Dataset items:
===============
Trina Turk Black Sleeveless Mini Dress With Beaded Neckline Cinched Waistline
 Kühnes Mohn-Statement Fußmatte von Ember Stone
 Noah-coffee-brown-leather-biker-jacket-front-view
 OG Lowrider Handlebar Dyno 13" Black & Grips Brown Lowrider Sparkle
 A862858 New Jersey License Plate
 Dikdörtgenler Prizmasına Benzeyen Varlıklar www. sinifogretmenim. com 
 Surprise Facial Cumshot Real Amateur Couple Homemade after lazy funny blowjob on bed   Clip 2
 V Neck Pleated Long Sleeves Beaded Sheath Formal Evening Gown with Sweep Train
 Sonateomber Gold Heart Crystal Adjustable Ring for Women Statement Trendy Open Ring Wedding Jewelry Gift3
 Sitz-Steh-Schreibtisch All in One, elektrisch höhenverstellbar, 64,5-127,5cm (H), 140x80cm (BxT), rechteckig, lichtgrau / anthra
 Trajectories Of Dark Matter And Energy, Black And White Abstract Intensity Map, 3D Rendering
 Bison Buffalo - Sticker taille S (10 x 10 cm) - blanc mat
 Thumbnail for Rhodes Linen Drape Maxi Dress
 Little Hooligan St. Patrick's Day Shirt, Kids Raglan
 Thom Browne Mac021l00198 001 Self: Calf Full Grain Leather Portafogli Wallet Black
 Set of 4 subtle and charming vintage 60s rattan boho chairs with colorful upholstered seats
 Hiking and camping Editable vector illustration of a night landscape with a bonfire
===============
Start with the line above that contains "Surprise Facial Cumshot" and end with the line that contains "Bison Buffalo - Sticker". Write out those lines exactly, and only those.

 Surprise Facial Cumshot Real Amateur Couple Homemade after lazy funny blowjob on bed   Clip 2
 V Neck Pleated Long Sleeves Beaded Sheath Formal Evening Gown with Sweep Train
 Sonateomber Gold Heart Crystal Adjustable Ring for Women Statement Trendy Open Ring Wedding Jewelry Gift3
 Sitz-Steh-Schreibtisch All in One, elektrisch höhenverstellbar, 64,5-127,5cm (H), 140x80cm (BxT), rechteckig, lichtgrau / anthra
 Trajectories Of Dark Matter And Energy, Black And White Abstract Intensity Map, 3D Rendering
 Bison Buffalo - Sticker taille S (10 x 10 cm) - blanc mat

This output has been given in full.